However, we just miss one - a low floor 2300 Orion. We expect to wait 10 minutes, but at 2:58, we get the pleasant suprise of bus #2221 (Orion) coming south as the next #42. As we usually do this on a Weekday, we get the pleasant surprise of a nearly empty bus - a welcome departure from the usual capacity loads. Our ride on this is brief but vital. It is walkable to Dupont Circle, but in our condition now, the $1.25 is well worth it, as we're on the down escalator at 3:04pm.






The last couple times I rode the #42 (on a weekday) it was swamped - what a nice change!






Down on of Metro's famous "Stairways to Heaven."

After getting a new farecard and tagging on an extra nickel to give us a souvenir, we head to the platform and find our next train should be here in 4 minutes.

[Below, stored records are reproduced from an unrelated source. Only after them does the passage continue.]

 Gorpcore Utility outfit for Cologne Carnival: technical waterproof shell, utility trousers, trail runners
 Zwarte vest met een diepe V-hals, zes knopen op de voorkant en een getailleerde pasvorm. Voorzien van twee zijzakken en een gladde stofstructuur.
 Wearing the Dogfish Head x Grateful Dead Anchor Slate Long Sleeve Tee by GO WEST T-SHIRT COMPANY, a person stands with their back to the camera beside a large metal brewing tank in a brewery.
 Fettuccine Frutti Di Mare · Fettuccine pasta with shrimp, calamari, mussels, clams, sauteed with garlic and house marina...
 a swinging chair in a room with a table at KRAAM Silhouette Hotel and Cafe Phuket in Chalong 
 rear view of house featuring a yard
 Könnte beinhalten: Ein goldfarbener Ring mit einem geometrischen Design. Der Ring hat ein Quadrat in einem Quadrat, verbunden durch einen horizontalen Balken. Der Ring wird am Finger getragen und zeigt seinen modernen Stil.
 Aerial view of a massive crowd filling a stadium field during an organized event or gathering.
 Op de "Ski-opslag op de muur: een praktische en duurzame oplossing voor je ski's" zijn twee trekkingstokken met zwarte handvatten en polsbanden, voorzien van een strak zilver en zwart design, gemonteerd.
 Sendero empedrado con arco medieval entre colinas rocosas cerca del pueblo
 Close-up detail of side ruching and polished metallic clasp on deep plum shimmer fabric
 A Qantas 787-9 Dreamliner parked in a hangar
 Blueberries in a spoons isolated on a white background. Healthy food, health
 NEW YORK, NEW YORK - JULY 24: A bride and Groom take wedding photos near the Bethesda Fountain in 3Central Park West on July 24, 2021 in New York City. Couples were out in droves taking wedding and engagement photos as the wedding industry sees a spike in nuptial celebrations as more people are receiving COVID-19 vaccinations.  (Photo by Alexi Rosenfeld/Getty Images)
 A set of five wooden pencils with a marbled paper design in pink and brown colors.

Indeed it is, and once again, we're on our way. The train gets crowded for a brief bit, but again is a welcome change from the usual weekdays of near crush loads. Both of our METRO trains consisted of the older cars with the orange interiors - didn't bother to get car numbers, but seem to remember one being in the 3000s.

At 3:21, we alight the METRO at Union, and my companion, despite being full from Watt, picks up some Pretzel sticks and a Fruit Punch from Auntie Anne's in Union Station. We find our train to be listed at F18, and make our way to the boarding area, passing another waiting area with what looks like over 100 people waiting to board the CAPITOL LIMITED (and I assume these to be Coach riders) towards Chicago. Our waiting area is not nearly so crowded, with about 50 people.






Boarding area in DC. The area in the background had just recently been full of people waiting for the Capitol Limited.


----------



## The Metropolitan (Aug 27, 2006)

We await our call for Boarding, and finally, just before 3:45, a gate Attendant lets us make our way to the Acela Express for boarding. We can't help but to look a bit confused as there are two Acelas in front of us - but we quickly realize that the one on the right has just arrived, so we'll be boarding the one on the right.






A lot of comings and goings on the platform, as we board while another train has just arrived.






One of the neat (but likely expensive) touches.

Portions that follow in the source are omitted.